そんな素晴らしい「からだ☆ダンダン」ですが、その新曲の登場を機に気づいた「ブンバ・ボーン」のすごい点について備忘録がてら書き残したいと思います。
まず、両作に共通する体操ソングの構成ですが、私なりに以下の通りパート分けしてみました。
①元気にはじまる
↓
②ややクールダウン
↓
③しゃがんでお遊戯
↓
④立ち上がって次の山場へのつなぎ
↓
⑤皆で輪を描いて走る
↓
⑥スケール感のある締めくくり
↓
⑦冒頭(①)のリフレイン
↓
終了
この中で、今回注目したのは⑤→⑥のつなぎ目のところ。
新曲「からだ☆ダンダン」では、
⑤「じまんのエンジン じんじんもやせ じんじんじんじん
じまんのにんじん どんどんたべて どんどんどんどん」
と子どもたちを楽しく走らせた直後、誠お兄さんが「止まるよー! ストップ!」と号令を出し、「ビュ~ン」と両手を広げて定位置へ移動しつつ、仕切り直してから、「びゅーんと風が吹いてきたよ」の歌詞から始まる⑥に移ります。

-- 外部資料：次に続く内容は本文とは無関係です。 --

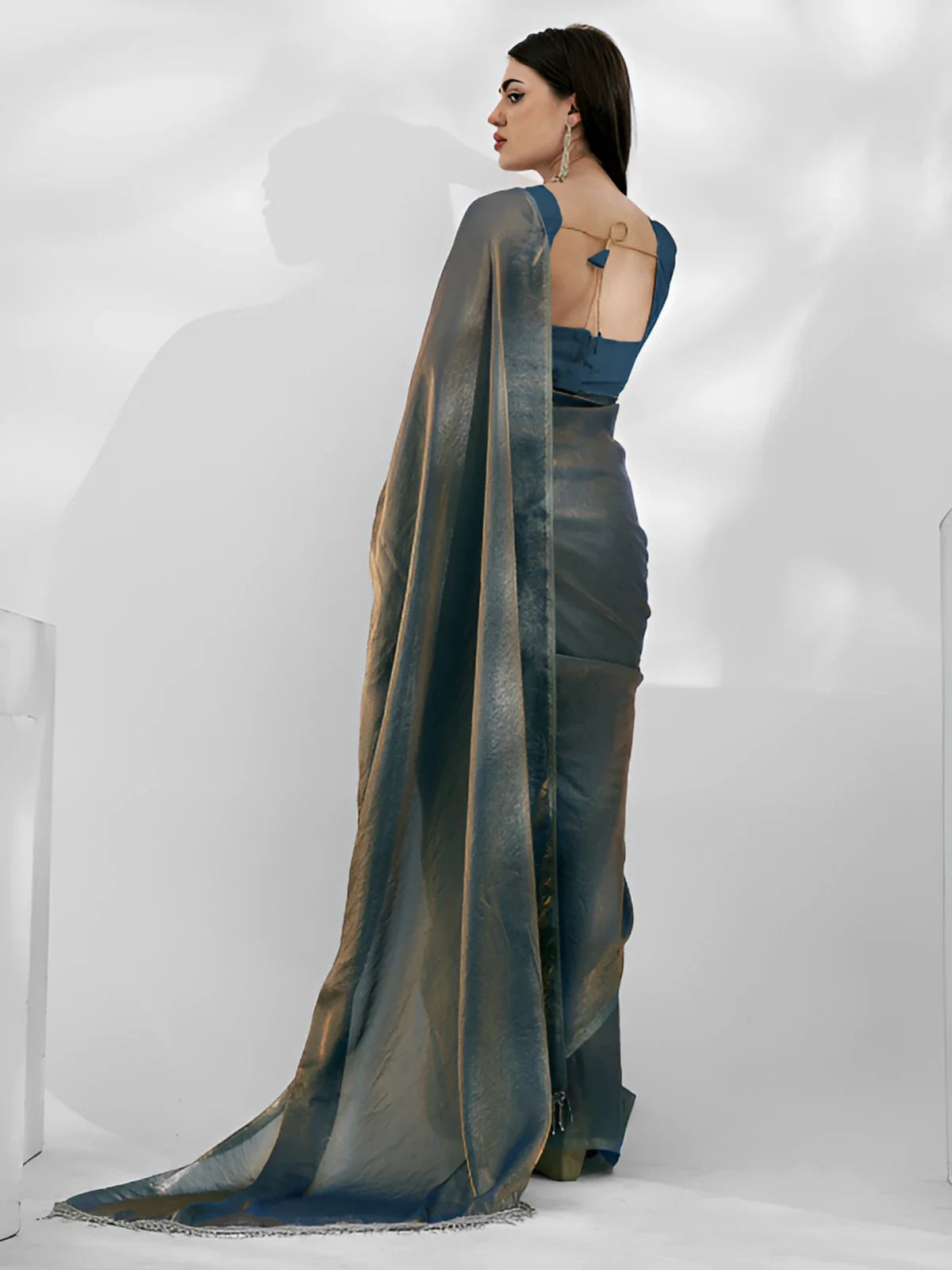 Tarani soft space silk green saree showing elegant back fall and blouse tie-up detail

強引にシーンを変えていかなければならないのは仕方がないのですが、せっかく子供たちが一番大きく体を動かすこととなる⑤なのに、そこそこ短い間で曲ごとぶつ切りさせるのはもったいないなぁと感じていました。
そして思い出した、「ブンバ・ボーン」のこと。
「ブンバ・ボーン」でも、同じく⑤のパートで
「さあ見つけに行こうぼくらのたからもの
この地球のどこかにきっとあるはずさ」
という歌詞のもと、子どもたちを走らせますが、その後に工夫が凝らされています。
「ちょっと止まってみたり ゆっくり歩いてみたり
急いで走ってみたり もいちど止まってみたり
トンネル覗いてみたり みんなで探そう」
と続き、前段の⑤の走りから、曲を止めることなく自然と様々な動きを織り交ぜて、⑥の「ブンバ・ボンって走っていこう」という締めに流れるように突入します。
オペラのように目まぐるしく展開していくのが体操ソングの特徴であり、その中で自然な音のストーリーを作り上げるのは大変な仕事です。
その中でも、これまで何度も聴いていた「ブンバ・ボーン」に光る神業に、今更ながら感動をいたしました。
「おかあさんといっしょ」に限らず、Eテレの子供向け番組は日本のクリエイティビティの結晶だと思っています。
ぜひ皆さんも、ご覧になってはいかがでしょうか。